TASK INSTRUCTIONS: The copy has to match the data exactly and leave out every picture.

Image-text web data:
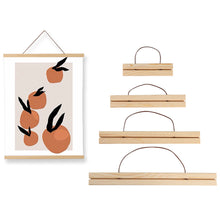 Load image into Gallery viewer, Magnetic Poster Hanger Frame Pine Wood Hanger Frame Natural Painting Photo Frame Canvas Wall Art Craft Frame Art Hanger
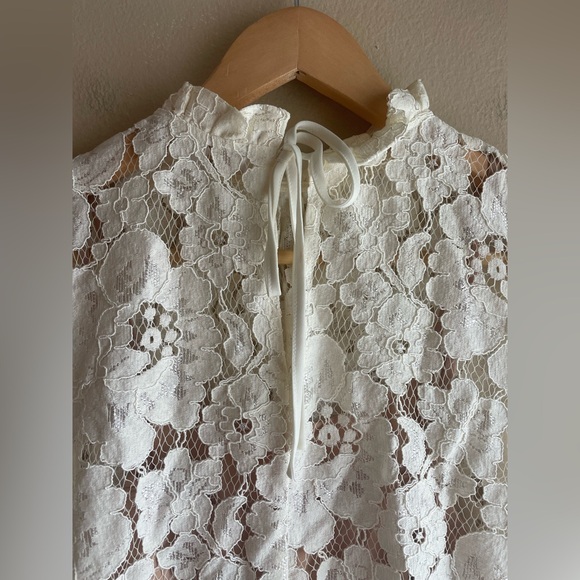 WAYF Women White Lace Blouse Floral Size XS Long Sleeve - Picture 11 of 16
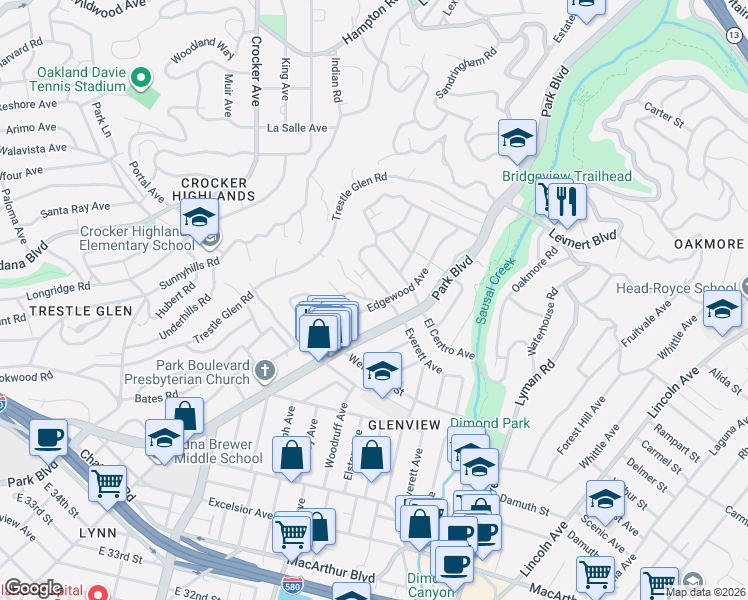 map of restaurants, bars, coffee shops, grocery stores, and more near 4410 Edgewood Avenue in Oakland
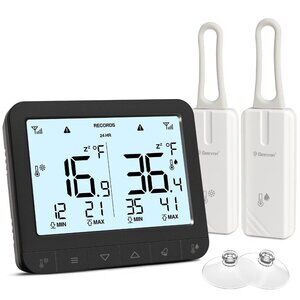 Digital Refrigerator Freezer Thermometer w/Alarm, Low Battery Warning-NIB-Geevon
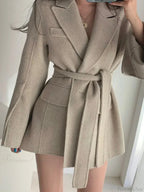 Lapel Belted Spliced Pockets Overcoat image 3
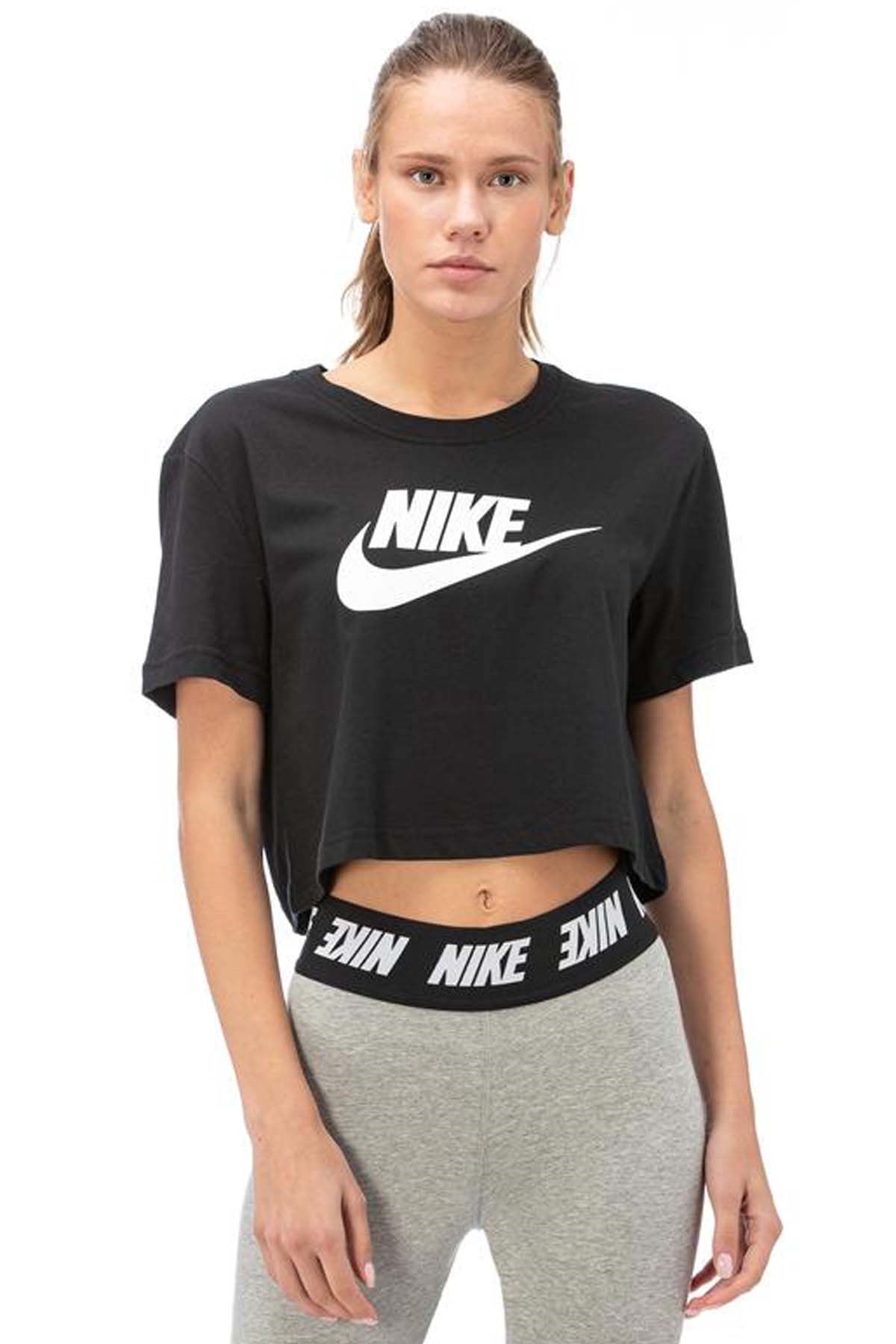 Nike W NSW TEE ESSNTL CRP ICN FTR Kadın Tişört BV6175-010-SIYAH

TASK ANSWER:
 Load image into Gallery viewer, Magnetic Poster Hanger Frame Pine Wood Hanger Frame Natural Painting Photo Frame Canvas Wall Art Craft Frame Art Hanger
 WAYF Women White Lace Blouse Floral Size XS Long Sleeve - Picture 11 of 16
 map of restaurants, bars, coffee shops, grocery stores, and more near 4410 Edgewood Avenue in Oakland
 Digital Refrigerator Freezer Thermometer w/Alarm, Low Battery Warning-NIB-Geevon
 Lapel Belted Spliced Pockets Overcoat image 3
 Nike W NSW TEE ESSNTL CRP ICN FTR Kadın Tişört BV6175-010-SIYAH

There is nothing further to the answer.